Dr. Shayok Chakraborty has a paper accepted at EMNLP 2025
Dr. Shayok Chakraborty has a paper accepted at the Empirical Methods in Natural Language Processing (EMNLP) Findings 2025, a top tier conference in NLP. The paper is titled “MediVLM: A Vision Language Model for Radiology Report Generation from Medical Images”. All the authors of this paper are affiliated to CS, FSU. The paper is led by Debanjan Goswami, a PhD student in Dr. Chakraborty’s research group, and is co-authored by Ronast Subedi, another PhD student in Dr. Chakraborty’s group. Dr. Chakraborty is the corresponding author, and the only faculty author in the paper, supervising this research.
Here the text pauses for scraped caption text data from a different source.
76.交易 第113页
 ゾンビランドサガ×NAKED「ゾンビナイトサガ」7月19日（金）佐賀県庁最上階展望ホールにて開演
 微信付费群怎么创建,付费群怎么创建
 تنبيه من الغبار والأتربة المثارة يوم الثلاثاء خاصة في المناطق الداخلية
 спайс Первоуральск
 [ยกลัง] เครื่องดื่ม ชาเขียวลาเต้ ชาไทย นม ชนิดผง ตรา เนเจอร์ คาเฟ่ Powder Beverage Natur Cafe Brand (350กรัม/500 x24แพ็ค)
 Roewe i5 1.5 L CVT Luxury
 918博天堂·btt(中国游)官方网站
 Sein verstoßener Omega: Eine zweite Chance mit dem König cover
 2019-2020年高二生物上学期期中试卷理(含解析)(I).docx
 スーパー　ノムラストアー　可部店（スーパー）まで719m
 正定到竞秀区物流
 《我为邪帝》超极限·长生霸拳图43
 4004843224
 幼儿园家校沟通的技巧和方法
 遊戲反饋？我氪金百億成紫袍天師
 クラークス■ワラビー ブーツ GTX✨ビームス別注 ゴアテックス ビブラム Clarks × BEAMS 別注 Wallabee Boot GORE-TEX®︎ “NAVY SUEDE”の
In this paper, we propose MediVLM, a vision language model (VLM) to address the challenging problem of automatically generating radiology reports from medical images. The proposed model consists of a pre-trained object detector to extract the salient anatomical regions from the images, an image encoder, a text encoder, a module to align the visual and text representations, a cross attention layer to fuse the two representations and finally, a transformer based decoder to generate the final report. MediVLM can generate radiology reports even when no reports are available for training; this is an extremely useful feature, as curating such reports is a labor-intensive task. Further, it computes a severity score (depicting the seriousness of a patient’s medical condition) from the generated radiology reports, which can be used to prioritize patients who need immediate medical attention. Our extensive empirical analyses on three benchmark datasets corroborate the practical usefulness of our framework.
The paper will be presented virtually at the EMNLP conference in November 2025.